Builder Showcase users improved their average README readiness score from 52/100 at submission to 81/100 after review.

That kind of metric directly supports the product value proposition.

This component should be documented either inside the existing notebooks README or as a separate README.

Recommended approach:

  • Add a short section to the existing notebooks README for visibility.
  • Create a separate README for the component if the pipeline grows into multiple notebooks, scripts, or datasets.

Suggested component name:

GitHub README Readiness Research

Suggested notebook name:

01_github_readme_readiness_scoring.ipynb

Suggested folder structure:

notebooks/
  01_github_readme_readiness_scoring.ipynb

data/
  raw/
    readmes/
  processed/
    github_readme_readiness_scores.csv

src/
  readme_fetcher.py
  readme_scorer.py
  readiness_analysis.py

docs/
  github_readme_readiness_research.md

Immediate Build Steps

  1. Inspect the existing github_readme_readiness_scores.csv.
  2. Confirm the final column names.
  3. Convert the Builder Showcase rubric into a reusable scoring function.
  4. Apply the scoring function to the first sample.
  5. Save the scored CSV.
  6. Create summary tables in the notebook.
  7. Create initial charts.
  8. Review whether the results support the product argument.
  9. Tune the scoring rubric if needed.
  10. Prepare a clean Supabase import only after the notebook results are stable.

First Milestone

The first milestone is not Supabase import.

The first milestone is:

A notebook that scores a public GitHub README sample and produces clear readiness statistics that support the Builder Showcase value proposition.

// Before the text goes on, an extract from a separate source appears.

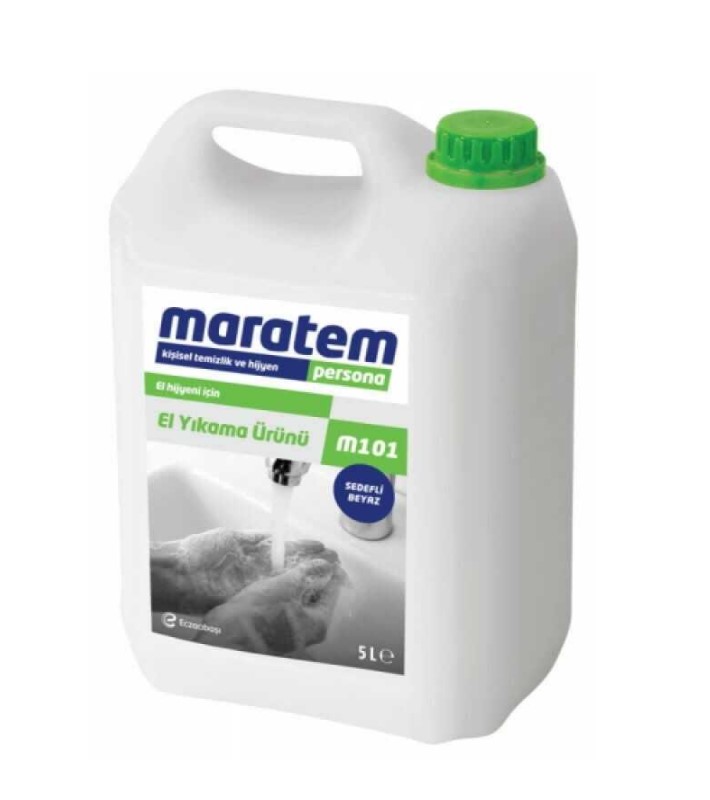Maratem M101 Sıvı El Yıkama Sabunu Sedefli Beyaz 5 L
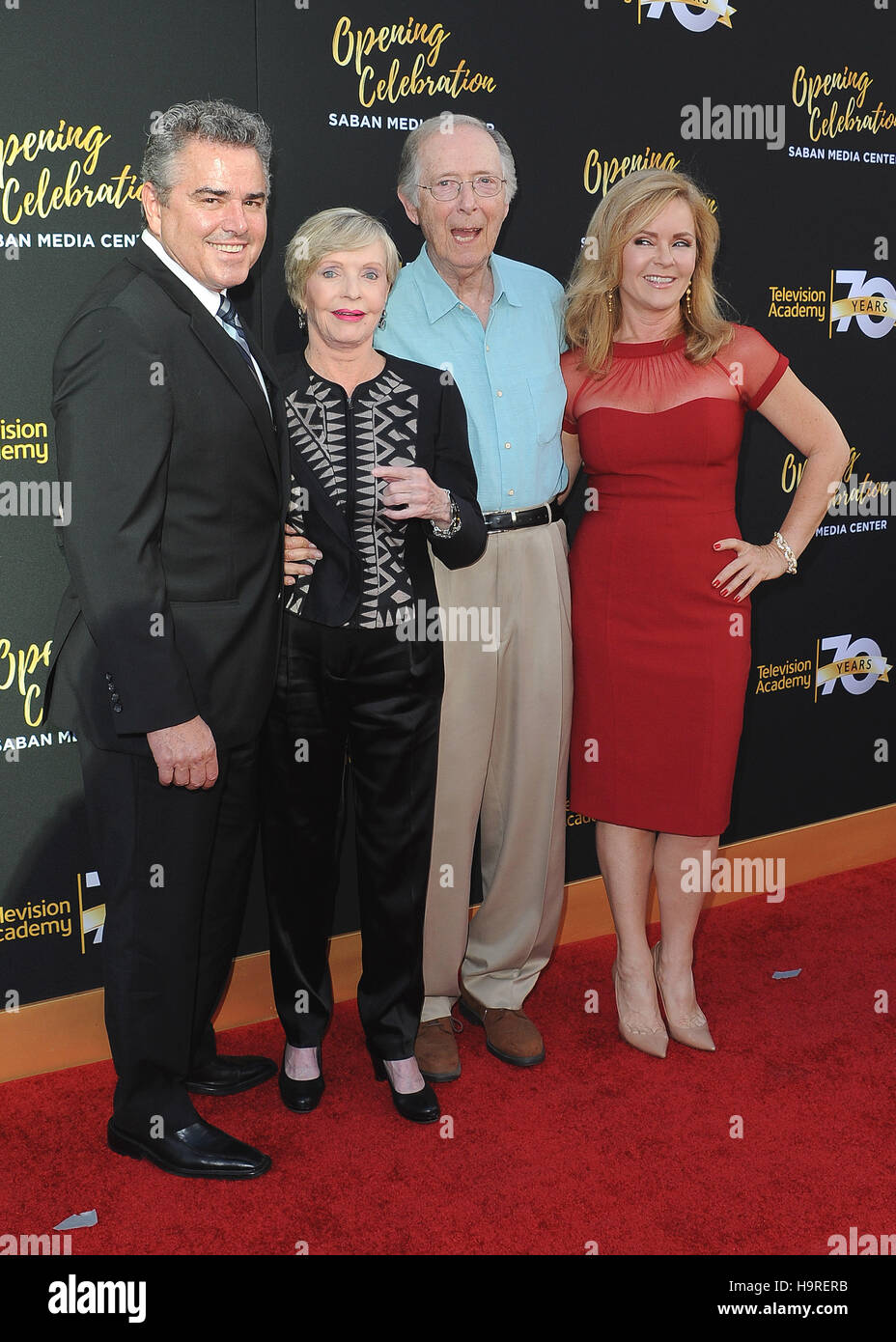 North Hollywood, CA. 2 juin, 2016. Christopher Knight, Florence Henderon, Bernie Kopell et Jill Whelan à l'Académie de la télévision 70e anniversaire à l'Académie de la télévision le 2 juin 2016 à North Hollywood, Californie. © Pgsk Punch/media/Alamy Live News Banque D'Images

Suggested milestone outputs:

github_readme_readiness_scores.csv
readiness_level_distribution.csv
missing_sections_summary.csv
readme_score_by_language.csv
readme_score_by_activity.csv

Final Direction

This component strengthens Builder Showcase by turning the review pipeline into a research-backed product intelligence system.

It helps prove that Builder Showcase is not only a submission platform. It is a structured proof layer that can evaluate project readiness, identify documentation gaps, and measure improvement over time.

The long-term opportunity is to show that Builder Showcase helps builders move from:

public but unclear

to:

reviewable, explainable, and showcase-ready